Buku asli yang berjudul Syair Perang Kamang Jang Kedjadian dalam Tahoen 1908, karangan Haji Ahmad diperbaiki oleh Labai Sidi Radjo, di Fort de Kock (Bukittinggi) tahun 1926. Di tulis dalam tulisan Jawi (Arab Melayu) dialih bahasakan oleh Anas Nafis dan diterbitkan kembali oleh Pusat Pengkajian Islam dan Minangkabau (PPIM) tahun 2004. Sebelumnya Syair Perang Kamang ini hanya ditemui dalam sebuah manuskrip yang tersimpan di Perpustakaan Nasional Jakarta. Dalam kondisi bagian belakang halamannya sudah hilang, sehingga cerita ini diterbitkan kembali dalam keadaan tidak utuh. Ada bagian akhir cerita yang tidak dapat diketahui oleh pembaca, sehingga menimbulkan kesan tidak senang di hati pembaca.

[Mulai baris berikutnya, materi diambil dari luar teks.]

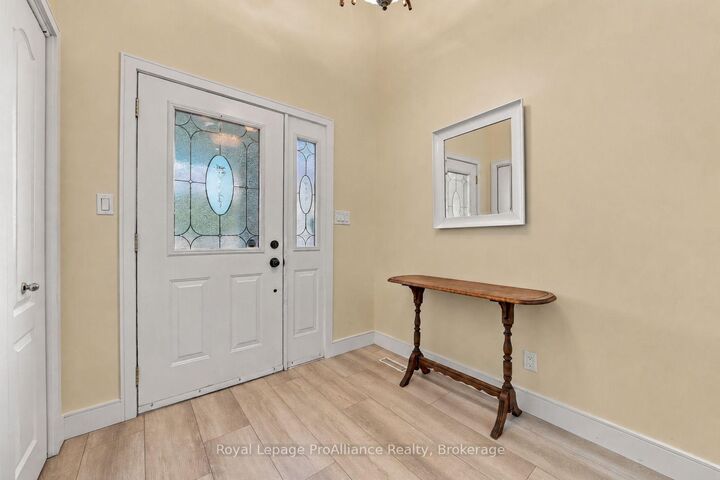 Property Photo:  37 Reid Street  ON K8V 5V8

Di luar bagian akhir yang hilang, Syair Perang Kamang ini terdiri dari 824 baris yang dibagi menjadi 206 bait. Cerita dilatar belakangi oleh peristiwa sejarah yang terjadi pada tahun 1908 di Nagari Kamang. Beberapa tempat dalam cerita masih dapat dijumpai pada saat sekarang ini seperti Kampuang Tangah, Kampung Tapi, Kampung Bansa, yang dibakar habis oleh Belanda saat itu.


Berawal dari peraturan pemerintah Belanda yang mengenakan belasting (pajak) sebesar 2 % pada setiap hewan ternak yang akan disembelih warga. Peraturan pajak yang secara tiba-tiba itu tidak hanya berlaku di Kamang, akan tetapi diseluruh wilayah Minangkabau. Selain karena peraturannya yang secara tiba-tiba, sangat memberatkan rakyat, dan jiwa merdeka rakyat yang tidak mau tunduk pada Belanda, rakyat menentang belasting itu juga karena hewan-hewan ternak yang akan dibantai tidak hanya untuk komersil (dijual), akan tetapi juga karena untuk peringatan hari-hari besar agama dan juga perayaan pesta adat.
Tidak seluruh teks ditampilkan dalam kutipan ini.